Challenge of Corneal Ulcer Healing: A Novel Conceptual Framework, the "Triad" of Corneal Ulcer Healing/Corneal Neovascularization/Intraocular Pressure, and Avascular Tendon Healing, for Evaluation of Corneal Ulcer Therapy, Therapy of Neovascularization, Glaucoma Therapy, and Pentadecapeptide BPC 157 Efficacy. | Pepdox
Challenge of Corneal Ulcer Healing: A Novel Conceptual Framework, the "Triad" of Corneal Ulcer Healing/Corneal Neovascularization/Intraocular Pressure, and Avascular Tendon Healing, for Evaluation of Corneal Ulcer Therapy, Therapy of Neovascularization, Glaucoma Therapy, and Pentadecapeptide BPC 157 Efficacy.
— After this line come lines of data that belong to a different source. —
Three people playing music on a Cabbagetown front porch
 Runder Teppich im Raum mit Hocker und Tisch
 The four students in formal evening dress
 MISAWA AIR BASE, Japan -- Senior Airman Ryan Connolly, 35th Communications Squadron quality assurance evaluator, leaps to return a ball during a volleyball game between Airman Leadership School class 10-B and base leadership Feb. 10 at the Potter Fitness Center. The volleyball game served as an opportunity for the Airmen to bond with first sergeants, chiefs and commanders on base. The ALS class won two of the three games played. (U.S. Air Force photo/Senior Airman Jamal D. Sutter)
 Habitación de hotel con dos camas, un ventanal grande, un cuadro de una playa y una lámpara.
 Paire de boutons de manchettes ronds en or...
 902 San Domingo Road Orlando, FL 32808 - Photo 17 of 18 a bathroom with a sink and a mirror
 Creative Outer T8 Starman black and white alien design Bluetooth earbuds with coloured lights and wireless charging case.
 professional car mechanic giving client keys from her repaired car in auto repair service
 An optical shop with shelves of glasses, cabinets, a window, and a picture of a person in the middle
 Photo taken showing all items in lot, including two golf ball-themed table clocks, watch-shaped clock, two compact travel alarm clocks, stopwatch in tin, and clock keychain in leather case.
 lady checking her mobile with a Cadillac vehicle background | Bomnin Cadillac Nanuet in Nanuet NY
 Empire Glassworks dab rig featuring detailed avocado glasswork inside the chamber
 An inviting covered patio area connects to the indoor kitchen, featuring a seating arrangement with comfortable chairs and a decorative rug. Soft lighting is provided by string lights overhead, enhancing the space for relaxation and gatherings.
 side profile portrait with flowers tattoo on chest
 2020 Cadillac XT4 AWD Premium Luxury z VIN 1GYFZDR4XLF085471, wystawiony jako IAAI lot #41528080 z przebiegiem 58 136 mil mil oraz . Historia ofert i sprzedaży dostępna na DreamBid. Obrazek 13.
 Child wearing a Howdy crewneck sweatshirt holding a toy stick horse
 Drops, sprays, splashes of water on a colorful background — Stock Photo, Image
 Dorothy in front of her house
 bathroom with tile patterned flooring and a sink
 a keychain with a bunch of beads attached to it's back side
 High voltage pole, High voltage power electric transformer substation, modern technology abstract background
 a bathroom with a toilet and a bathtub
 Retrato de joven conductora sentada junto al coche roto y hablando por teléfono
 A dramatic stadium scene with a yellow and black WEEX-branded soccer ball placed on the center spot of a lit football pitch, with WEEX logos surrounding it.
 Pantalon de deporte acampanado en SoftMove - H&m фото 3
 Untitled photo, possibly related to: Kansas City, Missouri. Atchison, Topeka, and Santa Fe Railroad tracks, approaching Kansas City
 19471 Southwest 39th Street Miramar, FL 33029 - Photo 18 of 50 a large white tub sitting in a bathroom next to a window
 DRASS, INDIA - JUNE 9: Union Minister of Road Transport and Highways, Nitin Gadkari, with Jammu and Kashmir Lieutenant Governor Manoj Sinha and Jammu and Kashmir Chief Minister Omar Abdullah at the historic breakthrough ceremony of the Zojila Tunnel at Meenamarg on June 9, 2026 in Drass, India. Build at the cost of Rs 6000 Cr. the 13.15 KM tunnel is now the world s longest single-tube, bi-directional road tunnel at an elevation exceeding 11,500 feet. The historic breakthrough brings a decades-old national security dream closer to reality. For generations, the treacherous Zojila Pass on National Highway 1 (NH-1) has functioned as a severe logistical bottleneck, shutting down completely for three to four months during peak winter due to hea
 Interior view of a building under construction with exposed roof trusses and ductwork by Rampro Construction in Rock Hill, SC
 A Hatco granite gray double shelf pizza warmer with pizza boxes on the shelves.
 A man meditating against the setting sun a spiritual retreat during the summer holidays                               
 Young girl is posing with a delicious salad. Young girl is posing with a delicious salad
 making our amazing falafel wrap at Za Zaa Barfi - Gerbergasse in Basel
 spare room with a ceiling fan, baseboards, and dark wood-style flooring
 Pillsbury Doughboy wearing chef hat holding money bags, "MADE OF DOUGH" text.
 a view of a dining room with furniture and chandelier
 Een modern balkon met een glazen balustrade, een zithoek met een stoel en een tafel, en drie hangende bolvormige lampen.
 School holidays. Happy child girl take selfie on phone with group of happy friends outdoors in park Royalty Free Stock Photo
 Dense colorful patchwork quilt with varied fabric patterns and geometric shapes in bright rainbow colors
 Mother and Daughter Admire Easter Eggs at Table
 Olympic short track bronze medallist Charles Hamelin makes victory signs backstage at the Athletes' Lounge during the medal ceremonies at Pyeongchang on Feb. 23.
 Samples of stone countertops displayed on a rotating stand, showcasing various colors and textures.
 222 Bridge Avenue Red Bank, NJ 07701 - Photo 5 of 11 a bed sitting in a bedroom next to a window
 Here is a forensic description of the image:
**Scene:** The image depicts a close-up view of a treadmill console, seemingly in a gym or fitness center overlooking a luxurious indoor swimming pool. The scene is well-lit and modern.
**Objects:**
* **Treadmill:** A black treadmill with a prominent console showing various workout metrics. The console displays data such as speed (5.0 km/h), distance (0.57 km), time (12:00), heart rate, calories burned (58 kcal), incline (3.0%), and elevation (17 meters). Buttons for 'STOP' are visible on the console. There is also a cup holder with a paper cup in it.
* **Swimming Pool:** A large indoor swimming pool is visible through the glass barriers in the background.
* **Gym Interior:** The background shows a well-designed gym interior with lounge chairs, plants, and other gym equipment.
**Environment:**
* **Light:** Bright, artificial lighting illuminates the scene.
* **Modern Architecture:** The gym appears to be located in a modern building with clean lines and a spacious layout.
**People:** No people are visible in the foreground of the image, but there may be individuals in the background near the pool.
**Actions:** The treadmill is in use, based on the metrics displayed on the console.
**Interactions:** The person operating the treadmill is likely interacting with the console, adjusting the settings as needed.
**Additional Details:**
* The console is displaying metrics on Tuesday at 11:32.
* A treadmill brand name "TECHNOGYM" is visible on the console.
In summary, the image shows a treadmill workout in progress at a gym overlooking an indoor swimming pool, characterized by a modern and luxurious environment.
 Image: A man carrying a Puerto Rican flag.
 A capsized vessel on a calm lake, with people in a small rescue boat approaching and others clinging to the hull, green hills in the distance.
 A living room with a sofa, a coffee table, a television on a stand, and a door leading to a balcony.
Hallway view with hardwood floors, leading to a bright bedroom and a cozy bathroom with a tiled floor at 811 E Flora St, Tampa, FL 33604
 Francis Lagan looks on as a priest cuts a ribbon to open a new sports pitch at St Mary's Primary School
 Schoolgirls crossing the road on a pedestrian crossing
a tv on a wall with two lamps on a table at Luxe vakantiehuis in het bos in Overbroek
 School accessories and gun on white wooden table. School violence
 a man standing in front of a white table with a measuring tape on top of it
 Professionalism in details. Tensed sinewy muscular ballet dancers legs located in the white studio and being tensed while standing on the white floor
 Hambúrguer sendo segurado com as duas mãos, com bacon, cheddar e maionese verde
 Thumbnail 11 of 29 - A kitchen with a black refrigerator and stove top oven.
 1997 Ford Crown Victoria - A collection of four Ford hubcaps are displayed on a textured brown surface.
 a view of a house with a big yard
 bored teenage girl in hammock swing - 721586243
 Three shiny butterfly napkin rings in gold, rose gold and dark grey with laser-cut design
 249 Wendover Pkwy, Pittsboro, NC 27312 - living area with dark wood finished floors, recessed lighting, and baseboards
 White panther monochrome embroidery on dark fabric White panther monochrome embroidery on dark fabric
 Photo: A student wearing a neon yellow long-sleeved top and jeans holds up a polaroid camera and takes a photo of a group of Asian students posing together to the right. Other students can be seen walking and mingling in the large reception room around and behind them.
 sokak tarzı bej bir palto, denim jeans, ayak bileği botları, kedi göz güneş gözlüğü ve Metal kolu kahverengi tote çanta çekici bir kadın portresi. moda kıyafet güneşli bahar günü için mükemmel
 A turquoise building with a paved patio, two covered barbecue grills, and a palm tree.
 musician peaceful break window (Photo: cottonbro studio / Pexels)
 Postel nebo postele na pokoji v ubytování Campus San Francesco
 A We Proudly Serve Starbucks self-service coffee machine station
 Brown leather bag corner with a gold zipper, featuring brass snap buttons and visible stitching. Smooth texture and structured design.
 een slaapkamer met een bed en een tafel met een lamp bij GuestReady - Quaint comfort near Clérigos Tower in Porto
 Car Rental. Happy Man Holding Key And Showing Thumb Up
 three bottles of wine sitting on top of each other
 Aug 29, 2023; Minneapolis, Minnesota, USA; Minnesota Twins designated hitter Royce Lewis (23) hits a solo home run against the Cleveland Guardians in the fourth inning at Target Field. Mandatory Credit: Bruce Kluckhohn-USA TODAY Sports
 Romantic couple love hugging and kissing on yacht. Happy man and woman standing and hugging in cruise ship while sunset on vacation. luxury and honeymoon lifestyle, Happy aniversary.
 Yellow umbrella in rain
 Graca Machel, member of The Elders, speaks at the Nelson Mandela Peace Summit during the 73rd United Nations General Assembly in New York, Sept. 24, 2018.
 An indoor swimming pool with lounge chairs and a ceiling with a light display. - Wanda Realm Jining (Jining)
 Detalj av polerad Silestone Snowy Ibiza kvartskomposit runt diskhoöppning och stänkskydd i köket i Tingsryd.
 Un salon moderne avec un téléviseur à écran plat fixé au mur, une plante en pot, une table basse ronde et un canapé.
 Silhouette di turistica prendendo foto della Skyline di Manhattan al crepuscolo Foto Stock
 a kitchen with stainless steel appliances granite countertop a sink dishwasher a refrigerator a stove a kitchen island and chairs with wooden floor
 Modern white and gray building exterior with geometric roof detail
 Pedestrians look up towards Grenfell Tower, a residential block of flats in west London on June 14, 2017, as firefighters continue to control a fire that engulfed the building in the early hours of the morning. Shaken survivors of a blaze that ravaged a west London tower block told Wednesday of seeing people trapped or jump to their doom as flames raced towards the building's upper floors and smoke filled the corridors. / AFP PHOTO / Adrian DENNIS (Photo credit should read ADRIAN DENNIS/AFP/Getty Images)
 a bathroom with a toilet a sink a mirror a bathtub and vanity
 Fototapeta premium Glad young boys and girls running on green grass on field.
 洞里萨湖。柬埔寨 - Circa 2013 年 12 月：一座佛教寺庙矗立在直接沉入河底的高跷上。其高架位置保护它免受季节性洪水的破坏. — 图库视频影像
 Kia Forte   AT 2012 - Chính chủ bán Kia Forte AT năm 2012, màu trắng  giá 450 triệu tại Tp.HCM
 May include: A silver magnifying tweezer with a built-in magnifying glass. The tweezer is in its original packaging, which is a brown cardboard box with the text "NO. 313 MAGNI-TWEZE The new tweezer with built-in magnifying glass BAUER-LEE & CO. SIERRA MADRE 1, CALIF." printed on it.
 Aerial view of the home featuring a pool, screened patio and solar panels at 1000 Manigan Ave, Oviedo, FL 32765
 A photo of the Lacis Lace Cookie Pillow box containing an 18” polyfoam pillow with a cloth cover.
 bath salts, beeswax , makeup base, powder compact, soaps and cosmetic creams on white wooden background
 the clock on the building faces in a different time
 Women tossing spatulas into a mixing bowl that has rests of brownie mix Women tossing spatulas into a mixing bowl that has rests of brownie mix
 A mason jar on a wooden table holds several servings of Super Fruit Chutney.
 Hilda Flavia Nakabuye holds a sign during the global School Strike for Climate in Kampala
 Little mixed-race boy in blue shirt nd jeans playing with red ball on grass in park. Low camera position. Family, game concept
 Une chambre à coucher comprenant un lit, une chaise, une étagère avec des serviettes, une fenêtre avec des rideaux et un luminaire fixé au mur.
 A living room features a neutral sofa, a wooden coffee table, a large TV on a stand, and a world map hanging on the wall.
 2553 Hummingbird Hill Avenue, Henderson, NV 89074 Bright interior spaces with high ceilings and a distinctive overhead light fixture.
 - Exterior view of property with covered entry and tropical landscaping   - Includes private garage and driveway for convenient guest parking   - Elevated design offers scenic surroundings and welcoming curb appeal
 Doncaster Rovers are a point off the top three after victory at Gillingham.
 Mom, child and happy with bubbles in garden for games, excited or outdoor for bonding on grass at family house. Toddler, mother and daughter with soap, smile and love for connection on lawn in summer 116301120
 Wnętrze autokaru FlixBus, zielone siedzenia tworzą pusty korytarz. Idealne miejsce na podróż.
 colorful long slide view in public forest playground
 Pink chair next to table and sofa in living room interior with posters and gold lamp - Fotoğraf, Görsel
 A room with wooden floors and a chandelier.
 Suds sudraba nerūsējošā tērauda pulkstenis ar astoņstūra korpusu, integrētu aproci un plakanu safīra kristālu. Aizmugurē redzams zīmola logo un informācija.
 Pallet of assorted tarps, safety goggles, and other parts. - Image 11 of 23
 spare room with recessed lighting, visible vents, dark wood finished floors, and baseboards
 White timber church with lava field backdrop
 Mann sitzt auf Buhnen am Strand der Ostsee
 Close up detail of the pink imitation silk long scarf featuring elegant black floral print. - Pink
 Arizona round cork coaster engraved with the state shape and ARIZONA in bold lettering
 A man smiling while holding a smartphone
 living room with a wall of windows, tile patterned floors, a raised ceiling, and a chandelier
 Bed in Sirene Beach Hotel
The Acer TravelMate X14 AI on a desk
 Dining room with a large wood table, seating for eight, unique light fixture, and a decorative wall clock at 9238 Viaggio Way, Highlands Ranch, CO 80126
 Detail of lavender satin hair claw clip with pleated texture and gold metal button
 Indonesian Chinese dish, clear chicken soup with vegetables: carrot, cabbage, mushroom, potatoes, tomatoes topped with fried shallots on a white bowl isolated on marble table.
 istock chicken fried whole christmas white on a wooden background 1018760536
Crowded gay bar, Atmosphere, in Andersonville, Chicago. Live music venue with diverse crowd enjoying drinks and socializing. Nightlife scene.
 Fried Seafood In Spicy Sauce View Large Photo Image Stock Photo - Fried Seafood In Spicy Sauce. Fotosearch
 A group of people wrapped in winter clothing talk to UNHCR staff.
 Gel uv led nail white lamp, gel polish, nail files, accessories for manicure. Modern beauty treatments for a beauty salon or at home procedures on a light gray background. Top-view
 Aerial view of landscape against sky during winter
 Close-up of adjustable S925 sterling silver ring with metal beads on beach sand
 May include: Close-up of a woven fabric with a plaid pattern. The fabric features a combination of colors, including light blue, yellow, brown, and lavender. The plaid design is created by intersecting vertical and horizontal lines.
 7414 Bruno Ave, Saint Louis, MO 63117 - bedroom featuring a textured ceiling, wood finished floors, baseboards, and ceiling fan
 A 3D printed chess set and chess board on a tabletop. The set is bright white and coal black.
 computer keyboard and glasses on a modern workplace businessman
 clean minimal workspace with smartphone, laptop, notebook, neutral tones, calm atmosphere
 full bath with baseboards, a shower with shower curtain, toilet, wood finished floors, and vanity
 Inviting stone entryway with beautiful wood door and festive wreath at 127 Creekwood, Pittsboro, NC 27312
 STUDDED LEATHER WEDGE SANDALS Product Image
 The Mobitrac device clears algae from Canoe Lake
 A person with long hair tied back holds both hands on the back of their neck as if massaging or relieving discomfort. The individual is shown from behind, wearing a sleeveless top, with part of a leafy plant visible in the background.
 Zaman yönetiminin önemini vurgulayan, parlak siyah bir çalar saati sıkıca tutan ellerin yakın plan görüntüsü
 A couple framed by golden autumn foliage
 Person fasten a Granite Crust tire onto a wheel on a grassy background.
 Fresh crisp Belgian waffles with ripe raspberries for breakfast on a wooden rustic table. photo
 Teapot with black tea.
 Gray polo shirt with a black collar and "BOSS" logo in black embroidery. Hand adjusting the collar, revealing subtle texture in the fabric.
Proposes a novel conceptual framework—a 'triad' of corneal ulcer healing, corneal neovascularization, and intraocular pressure—for evaluating therapies including BPC 157 for corneal ulcers and glaucoma. Preclinical studies showed BPC 157 accelerated corneal healing, modulated neovascularization, and maintained intraocular pressure. Extends the analysis to avascular tissues like tendon where similar healing principles apply.
Abstract
To better address the challenge of corneal ulcer healing, with already available standard agents, and those recently introduced, such as stable gastric pentadecapeptide BPC 157, we introduced a novel conceptual framework-the "triad" of corneal ulcer healing↔corneal neovascularization↔intraocular pressure-and extended it to avascular tissues such as tendon. Within this framework, cytoprotection serves as the unifying principle, underscoring that therapeutic effects are not isolated but interconnected. Preclinical studies with BPC 157 therapy, as a cytoprotection agent, illustrate this integration. BPC 157 rapidly normalizes elevated intraocular pressure in glaucomatous rats, preserves retinal integrity, restores pupil function, maintains corneal transparency during ulcer or abrasion healing, and counteracts both corneal neovascularization and dry eye. In parallel, its consistent efficacy in tendon injury models highlights a cytoprotective specificity across avascular tissues. The cornea's "angiogenic privilege," preserved during healing and tendon recovery together, provides strong proof of concept. Furthermore, mapping standard therapeutic agents used for corneal ulcers, neovascularization, or glaucoma onto this triad, and linking them with tendon healing, reveals both shared pathways and inconsistencies across existing drug classes. Analyzed were the ascorbate, fibronectin, hyaluronic acid, metalloproteinase inhibitors, EGF, FGF, NGF, insulin, and IGF-1 (corneal ulcer healing), the antiangiogenic agents (endostatin, PAI-1, PEDF, angiostatin, TSP-1, TSP-2, IFN-α), corticosteroids, NSAIDs, cyclosporine A, anti-VEGF drops (treatment of corneal neovascularization), and alpha 2-agonists, beta-blockers, carboanhydrase inhibitors, muscarinic agonists, Rho-kinase inhibitors, and prostaglandin analogs (glaucoma). Taken together, these findings advance cytoprotection as a unifying therapeutic paradigm, with BPC 157 emerging as its first exemplar, and encourage further translational research toward clinical application.